AWS’ Rekognition platform can inspect video calls in a real-time basis, and using more than 50 predetermined facial data points, the platform can tell the current “mood" of the user, Manaktala said.

The video KYC also works in combination AWS Textrack which is an optical character reader (OCR) platform provided by AWS. It automatically reads text from KYC documents submitted by the user. This helps banks and online lenders to recognize users by matching biometric data pulled from government ID cards and matching it with the video-call placed during KYC process.

However, policy researchers and privacy experts have sounded alarms on potential misuse of such technology. The RBI in its detailed guidelines in January said that regulated entities (banks, NBFCs, online lenders) will have to ensure that the video recording is stored in “a safe and secure manner and bears the date and time stamp".
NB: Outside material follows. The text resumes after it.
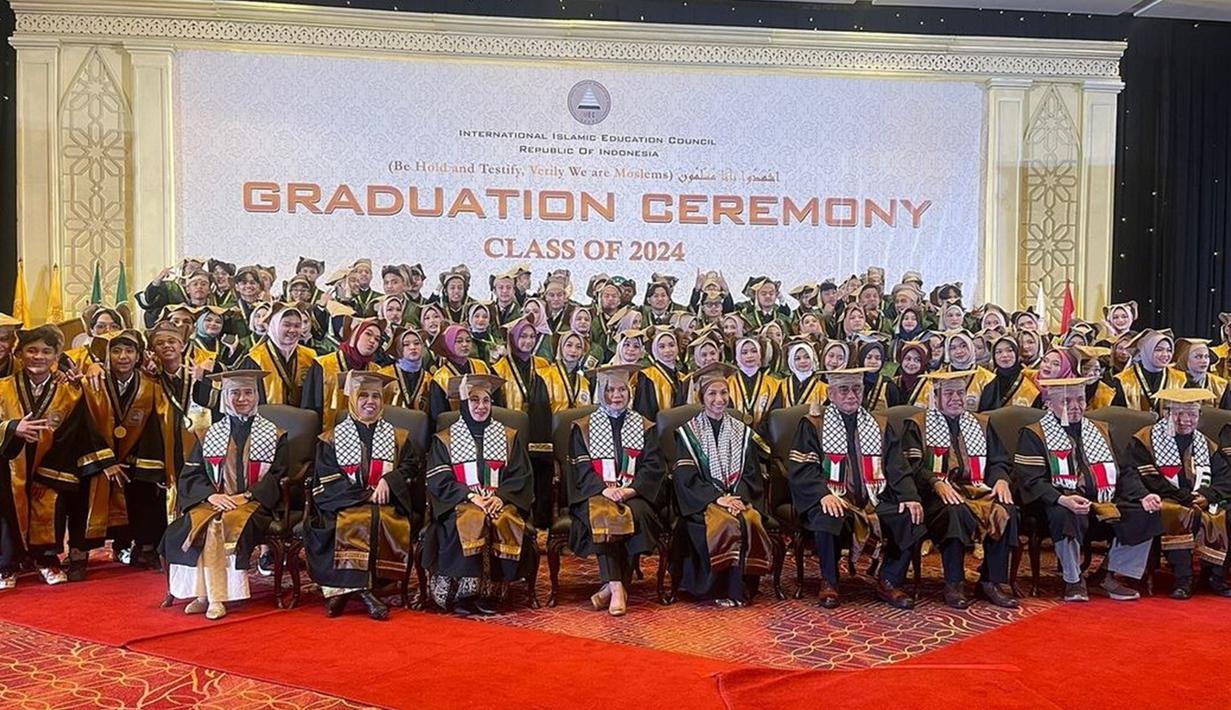 Felice Gabriel diketahui sudah diasuh oleh Dewi Perssik sejak tahun 2007 lalu. Atas pencapaian putranya tersebut, netizen pun memuji Depe yang telah mendidiknya dengan baik selama 17 tahun. Bahkan, tahun lalu Gegep sempat terpilih jadi jadi salah satu siswa yang dikirim ke Kanada untuk sebuah program belajar. (Liputan6.com/IG/@felicegabriel9_real)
Shashidhar K.J. an associate fellow at Observer Research Foundation (ORF) told Mint that on the absence of comprehensive biometric data storage and processing law, it is “unclear if any amount of self-regulation is followed while storing video calls and biometric data".

"Earlier many banks like ICICI Bank had set a precedent for some sort of video-KYC through their tablet banking initiative long before the RBI guidelines in January. ICICI Bank offered this as a convenience option for customers. But it is still not clear if the video recording for KYC purposes stored by one bank or an NBFC can be accessed by another bank or lending institutions when customers avail multiple products of same nature", Shashidhar added.